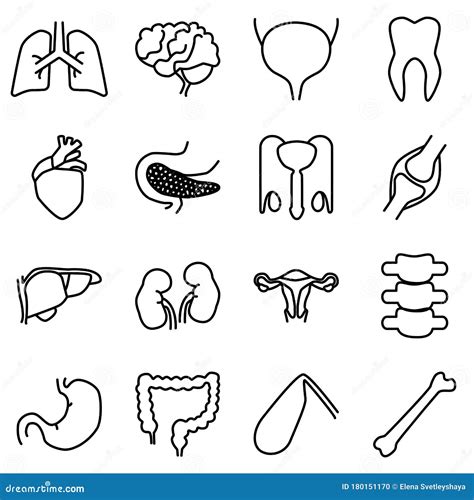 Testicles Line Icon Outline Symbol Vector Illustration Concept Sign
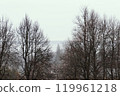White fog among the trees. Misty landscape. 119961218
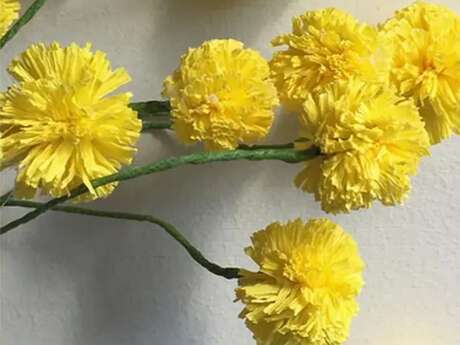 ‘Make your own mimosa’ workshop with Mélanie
--
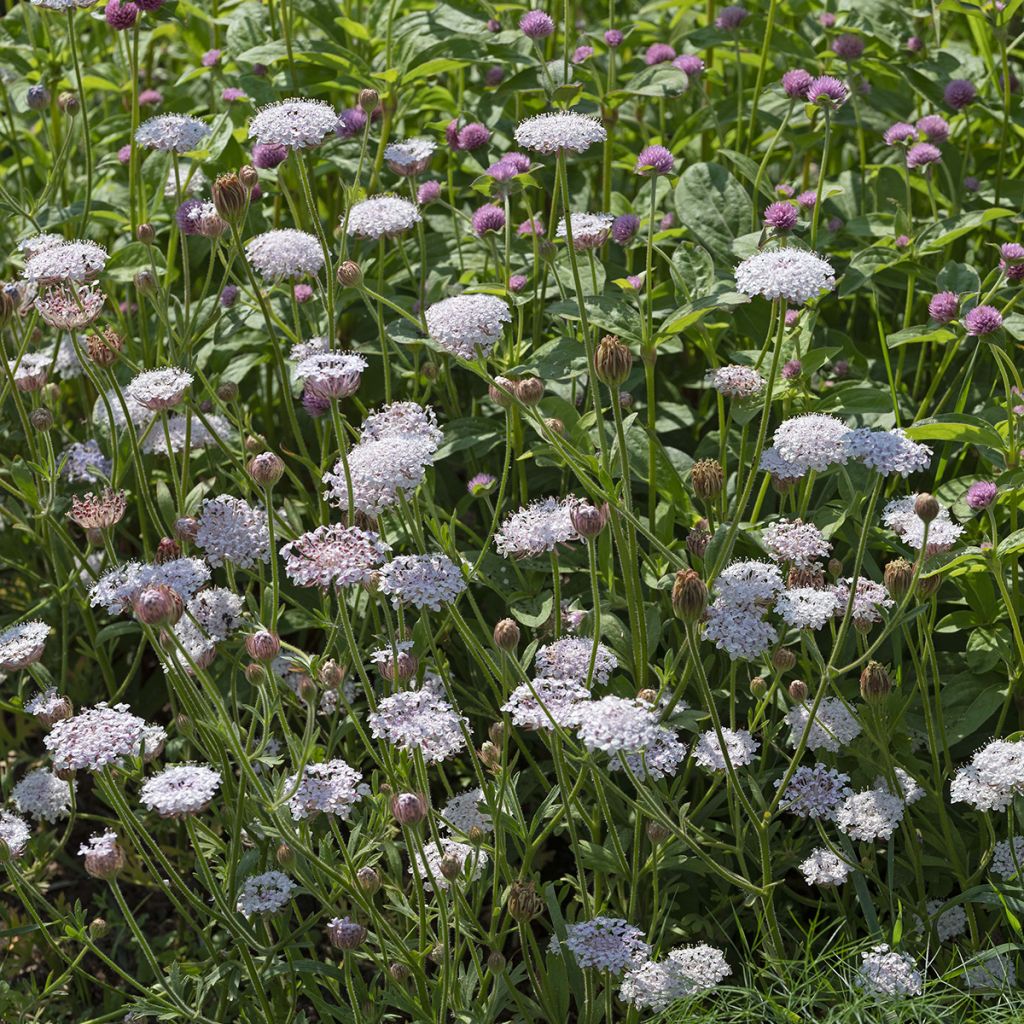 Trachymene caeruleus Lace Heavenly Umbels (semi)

_THE PROBLEM_
Here the job is to copy the stretch of records from the line containing "Testicles Line Icon" through the line containing "workshop with Mélanie", word for word. Leave every picture out.

_ANSWER BOX_
 Testicles Line Icon Outline Symbol Vector Illustration Concept Sign
White fog among the trees. Misty landscape. 119961218
 ‘Make your own mimosa’ workshop with Mélanie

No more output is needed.